Enzo Cacciola (*1945): Untitled
Artist
Enzo Cacciola (*1945)
Title
Untitled
Medium
Silkscreen print
Material
Cardboard
Dimensions
19.5 x 20 cm
Editor
Edition Panderma, Basel
Year
1966, published 1977
Signature
Signed in pencil
Provenance
Edition Panderma, Carl Laszlo, Basel
Galerie von Bartha, Basel
Private Collection, Basel
Condition / Restauration
Mint archival condition
Biography
Enzo Cacciola (born Arenzano, near Genoa, 1945) is an Italian painter and one of the leading exponents of Pittura Analitica — the Italian movement of Analytical Painting that, in the 1970s, turned the act of painting back on its own constituent elements: surface, support, material and process. He lives and works in Rocca Grimalda, Piedmont.
Cacciola held his first solo exhibition in 1971 at the Galleria La Bertesca in Turin.

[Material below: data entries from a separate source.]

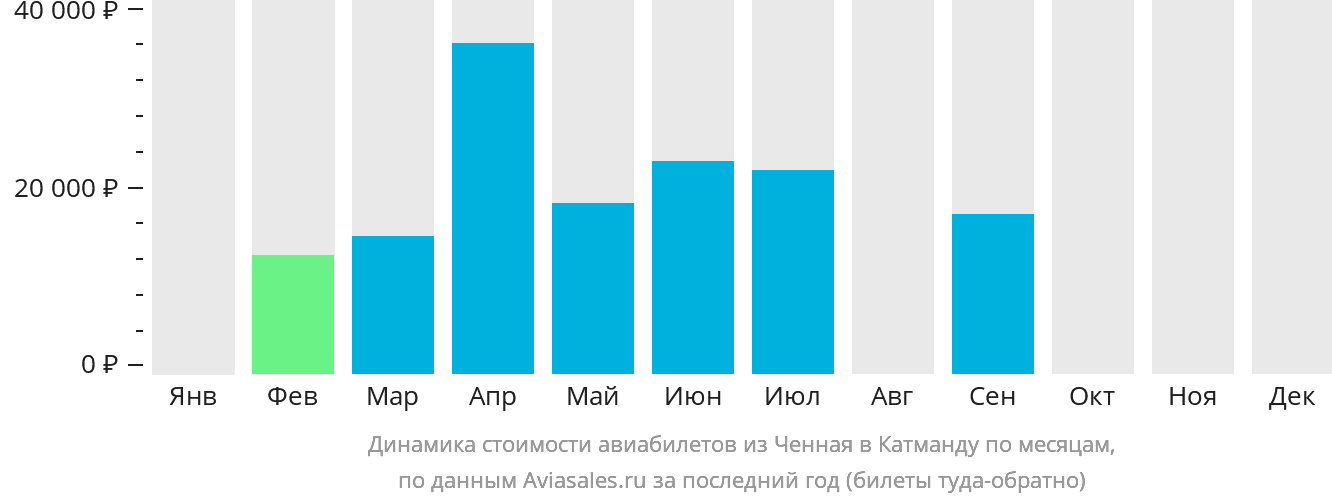 Динамика стоимости авиабилетов из Ченная в Катманду по месяцам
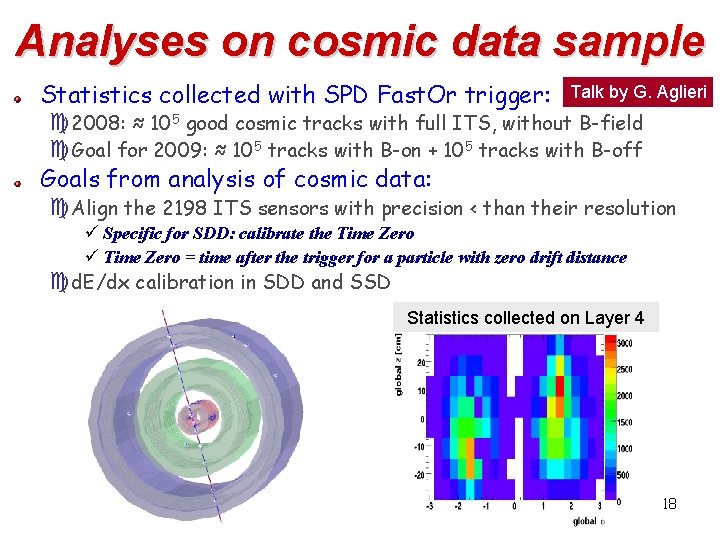Analyses on cosmic data sample Statistics collected with SPD Fast. Or trigger: Talk by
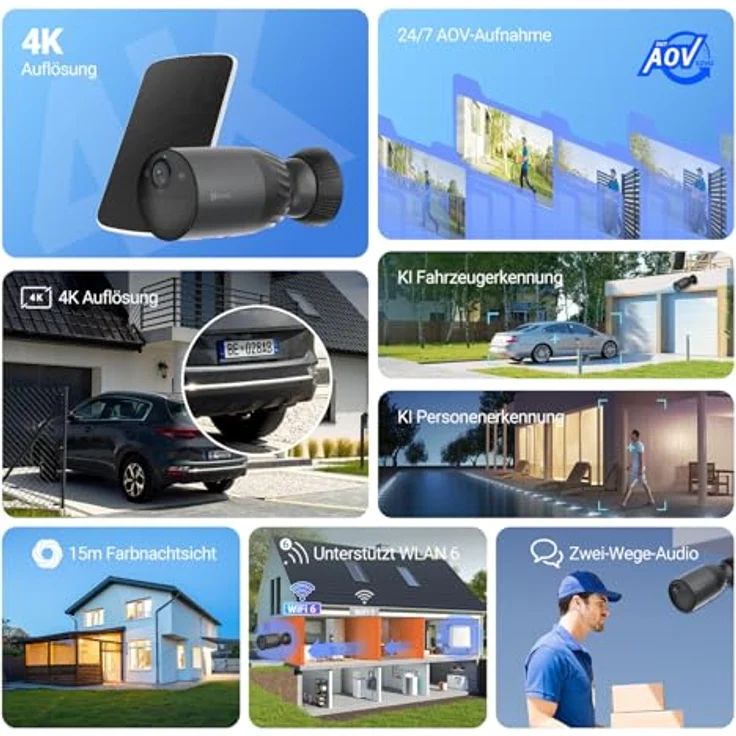 EZVIZ WLAN Kamera Akku, 4K Überwachungskamera aussen mit KI Personen-/Fahrzeugerkennung, AOV-Modus und aktive Verteidigung, 8MP Auflösung & Solarpanel, BC1c Kit, weiß – Bild 2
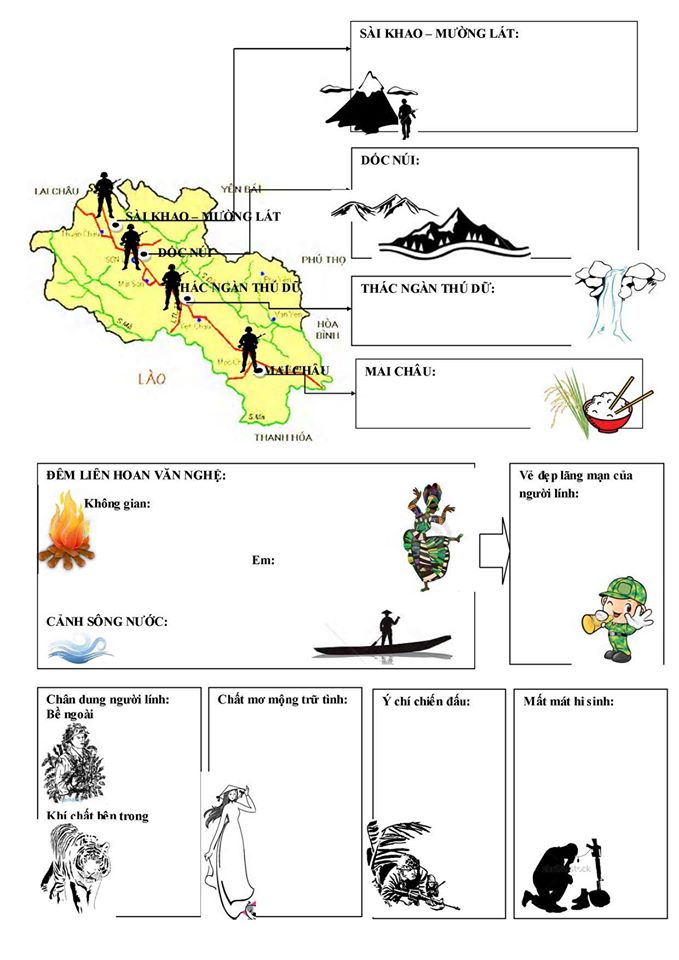 Tài liệu ôn thi THPT Quốc gia môn Văn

He became internationally known for his radical use of cement and concrete as a painting medium, applying the raw material directly to the canvas so that the work records its own making — the drying, cracking and physical weight of the substance becoming the true subject. In June 1975 he took part in the seminal exhibition Analytische Malerei / Analytical Painting, curated by Klaus Honnef and Catherine Millet, and in 1977 he was included in Documenta 6 in Kassel alongside the other protagonists of Pittura Analitica. From 1979 he exhibited internationally, in Washington D.C., Mexico City and Panama City, and in 1982 took part in Short Memory Painting at the Palazzo della Permanente in Milan.
This early signed silkscreen, issued by Carl Laszlo's celebrated Edition Panderma in Basel, translates Cacciola's rigorous, process-based investigation of surface and structure into the graphic medium.